+++ RECORDS SUPPLIED +++
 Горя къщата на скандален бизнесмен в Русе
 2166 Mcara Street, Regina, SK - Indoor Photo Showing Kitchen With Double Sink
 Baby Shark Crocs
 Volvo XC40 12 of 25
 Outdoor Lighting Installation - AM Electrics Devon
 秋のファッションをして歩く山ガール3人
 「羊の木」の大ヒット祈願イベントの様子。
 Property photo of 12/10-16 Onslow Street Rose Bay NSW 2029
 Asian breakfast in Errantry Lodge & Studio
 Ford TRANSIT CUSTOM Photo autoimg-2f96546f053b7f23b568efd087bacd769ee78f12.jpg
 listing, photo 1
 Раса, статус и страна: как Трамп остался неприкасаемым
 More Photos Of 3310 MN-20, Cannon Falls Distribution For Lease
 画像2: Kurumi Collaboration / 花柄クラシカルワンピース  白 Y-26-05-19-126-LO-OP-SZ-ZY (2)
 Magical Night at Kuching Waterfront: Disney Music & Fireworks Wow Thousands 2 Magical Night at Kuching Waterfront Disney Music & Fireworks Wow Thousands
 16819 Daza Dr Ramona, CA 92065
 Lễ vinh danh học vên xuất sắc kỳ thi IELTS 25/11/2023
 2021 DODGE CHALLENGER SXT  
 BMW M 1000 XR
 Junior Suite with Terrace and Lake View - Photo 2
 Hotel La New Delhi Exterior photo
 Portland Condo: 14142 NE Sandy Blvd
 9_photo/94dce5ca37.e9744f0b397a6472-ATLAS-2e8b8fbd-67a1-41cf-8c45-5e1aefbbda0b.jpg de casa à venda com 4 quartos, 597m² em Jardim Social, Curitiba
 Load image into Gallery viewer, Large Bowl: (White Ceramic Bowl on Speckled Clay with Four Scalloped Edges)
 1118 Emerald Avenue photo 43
+++
YOUR TASK:
Among the entries above, the line containing "More Photos Of", the line containing "BMW M 1000 XR", and all lines between them are to be restated word for word; nothing else belongs in the reply.

RESPONSE FOR THIS EXERCISE:
 More Photos Of 3310 MN-20, Cannon Falls Distribution For Lease
 画像2: Kurumi Collaboration / 花柄クラシカルワンピース  白 Y-26-05-19-126-LO-OP-SZ-ZY (2)
 Magical Night at Kuching Waterfront: Disney Music & Fireworks Wow Thousands 2 Magical Night at Kuching Waterfront Disney Music & Fireworks Wow Thousands
 16819 Daza Dr Ramona, CA 92065
 Lễ vinh danh học vên xuất sắc kỳ thi IELTS 25/11/2023
 2021 DODGE CHALLENGER SXT  
 BMW M 1000 XR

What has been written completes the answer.